Japan’s Debt Time Bomb Is Ticking: Kyle Bass

Japan is sitting on a debt time bomb and recent moves to push the central bank to target inflation have made it more likely the bomb will explode in the next 24 months, hedge fund manager Kyle Bass told CNBC's "Street Signs" on Friday.

With Japanese debt 24 times central government tax revenues, "when you sail into that zone of insolvency nothing you can do can help in my opinion," the Hayman Capital Management founder said.

They would have imploded under their own weight a few years down the road, but now that they're targeting a 2 percent inflation rate, Bass said they don't realize it's going to force them to explode much sooner.

For the past 20 years, the thinking among Japanese politicians, businessmen and investors is that Japanese bonds are safe, the yen does nothing but strengthen, and they have persistent deflation, said Bass.

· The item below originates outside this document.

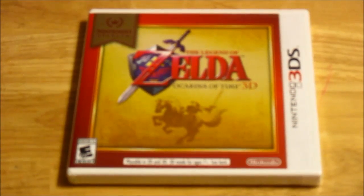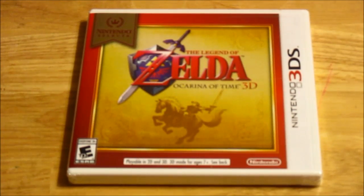Hello my fellow gamers, UltraGamer64 here and today I am here to unbox The Legend of Zelda Ocarina of Time 3D. I just bought this today from Target.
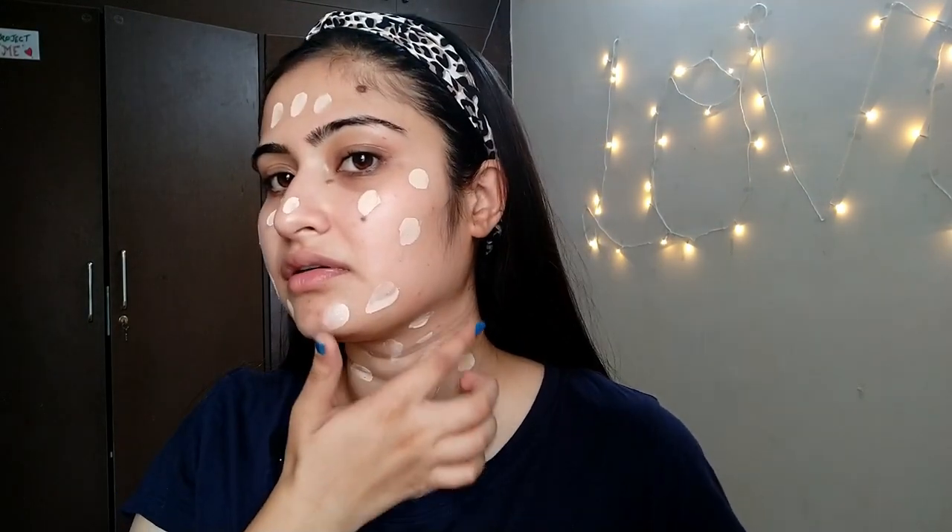So guys, I just wanted to know what you are doing in this quarantine period, because sometimes I am getting really bored — I'm just being honest. I do things to stay productive but sometimes I do get bored. Do comment below about what you are doing, because for me I am doing this kind of stuff — makeup, trying different videos, and many different things.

With 2 percent inflation these expectations will change quickly and the yen will collapse and they'll lose control of interest rates, Bass said.

(Read More: BOJ May Scrap 0.1% Rate Floor, Pledge Open-Ended Asset Buying)

He predicts the bomb will detonate within two years.

"All of the components of the equation are in place for this to all of a sudden go off," he said. "When it turns, it will turn at once. The yen will be its strongest right before it breaks, their interest rates will be the lowest right before they break."

Bass advised anyone with yen to buy Western assets to protect themselves. He pointed to the $20 billion Softbank acquisition of Sprint and advertising agency Dentsu's purchase of Aegis in the UK as examples of Japanese companies buying Western assets.

Equity investors should also be wary. With an informal boycott of Japanese goods in China, Bass predicts a secular decline in Japanese exports to China. (Read More: Nikkei Rally to Run Into Resistance Soon: Chart)

"They're going elsewhere to procure goods in China," he said. "Japan's GDP is falling at an alarming rate, their exports are collapsing and a change in the dollar/yen is not going to restore their competitiveness of a secular decline in Japan."

He added that the people buying Japanese stocks are picking up a dime in front of a bulldozer.